Yori schwieg und klopfte sich nachdenklich mit den Fingern ans Kinn.

»Vorhin auf dem Teich war es genauso. Du warst so damit beschäftigt, Kazuki zu schlagen, dass du das Ziel des Rennens ganz vergessen hast. Dasselbe gilt für die Technik der beiden Himmel. Wenn du deine Kraft damit vergeudest, an andere zu denken, kommst du nicht ans Ziel.

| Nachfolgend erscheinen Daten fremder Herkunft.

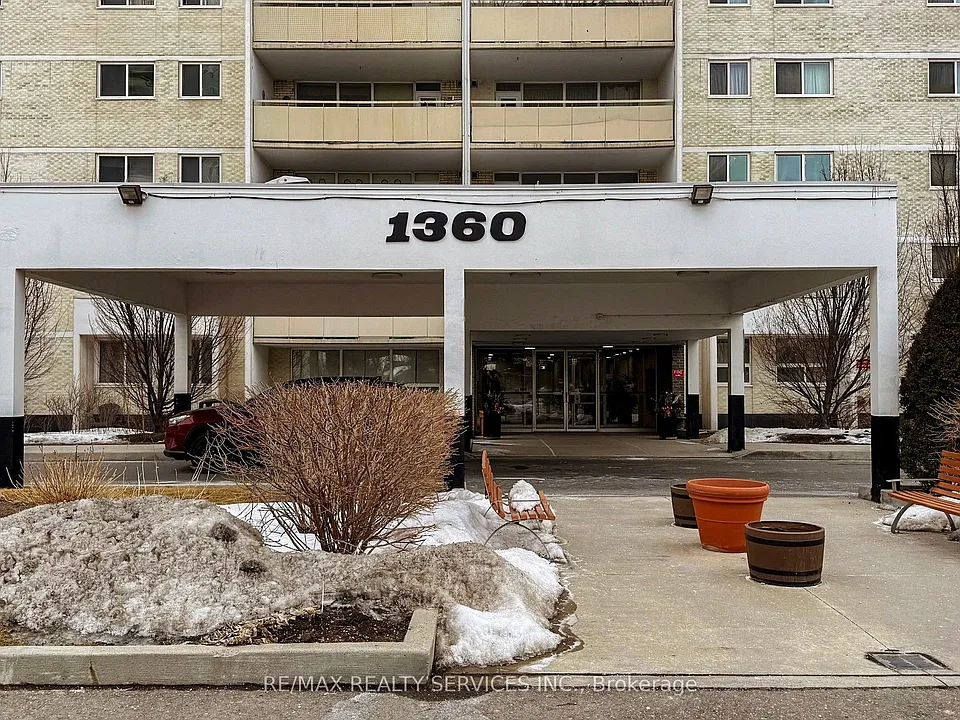 1360 York Mills Rd #204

Konzentriere dich darauf, dein eigenes Boot zu rudern, und du gelangst ans Ufer.«

Yori nickte weise und sichtlich zufrieden mit seinem Ratschlag und ging weiter. Jack sah ihm nach. Yori hatte vielleicht nicht den Körper eines Kriegers, aber ganz gewiss den Verstand eines Priesters. Jack war froh, ihn zum Freund zu haben. Er hob die klatschnassen Falten seines Kimonos an und eilte ihm nach.

Sie kamen an einem Gebäude mit einem grünen, geschwungenen Ziegeldach vorbei. An der Traufe waren Drachenfiguren angebracht. Jack erkannte es. Sie durchquerten den äußeren Hof des Ryoanji, des Tempels des friedlichen Drachen. Er war schon bei verschiedenen Gelegenheiten hier gewesen.

Im Jahr zuvor hatte er eines späten Abends zufällig gesehen, wie Akiko heimlich die Schule verließ. Neugierig und auch ein wenig beunruhigt war er ihr gefolgt und zu diesem Tempel gekommen. Akiko besuchte hier einen geheimnisvollen Mönch, dessen messerähnliche Hände mehr zum Kämpfen gemacht schienen als zum Beten. Sie hatte ihm zunächst keine glaubhafte Erklärung für ihre Heimlichtuerei geben können. Jack hatte sie schon im Verdacht gehabt, dass sie sich zum Ninja ausbilden ließ. Doch schließlich hatte Akiko ihm anvertraut, dass sie sich bei dem Mönch geistigen Trost für den Verlust ihres kleinen Bruders Kiyoshi holte. Jack wusste, dass sie den Mönch weiterhin besuchte. Er hatte sie nach ihrer Rückkehr an die Schule mehrmals dabei beobachtet, wie sie abends die Schule verließ.

»Ergreift ihn!«, zischte eine heisere Stimme.

Zwei Männer sprangen aus einer Seitengasse, packten Jack an den Armen und entrissen ihm seinen bo. Ein dritter Mann stülpte ihm einen Sack über den Kopf. Bevor Jack wusste, wie ihm geschah, hatten sie ihm schon die Beine unter dem Leib weggerissen und trugen ihn fort. Jack wehrte sich verzweifelt. Hinter sich hörte er Yori rufen.

»Halt! Oder ich…«

»Oder was, Kleiner?«, spottete die heisere Stimme. »Willst du uns in die Waden zwicken?«

Die beiden Männer, die Jack trugen, lachten.

»Ich warne euch«, sagte Yori mit zitternder Stimme. »Ich bin Schüler der Niten Ichi Ryu.«

»Dass ich nicht lache. Dort werden doch keine Zwerge ausgebildet.«

Ein Handgemenge entstand und Jack hörte einen Mann laut fluchen. Ein Stock zerbrach mit einem Knacken, eine Faust schlug mit einem dumpfen Laut zu und Yori stöhnte auf. Jack hörte ihn hinfallen. Er vergaß seine Angst. Die Wut verlieh ihm neue Kraft und er konnte ein Bein losreißen. Er trat damit zu und traf mit dem Fuß in ein Gesicht. Befriedigt hörte er, wie eine Nase knackend brach. Er trat erneut zu und riss auch das andere Bein los.

»Verdammter Gaijin!«, schimpfte der Mann und spuckte Blut.

Jack wollte fliehen, aber der andere Mann hielt von hinten seine Arme umklammert. Jack wollte den Kopf ruckartig zurückwerfen, um ihm die Zähne auszuschlagen, aber noch ehe er die Bewegung ausführen konnte, traf ihn etwas Hartes im Nacken.

Vor seinen Augen explodierten Blitze. Ihm wurde übel und er verlor das Bewusstsein.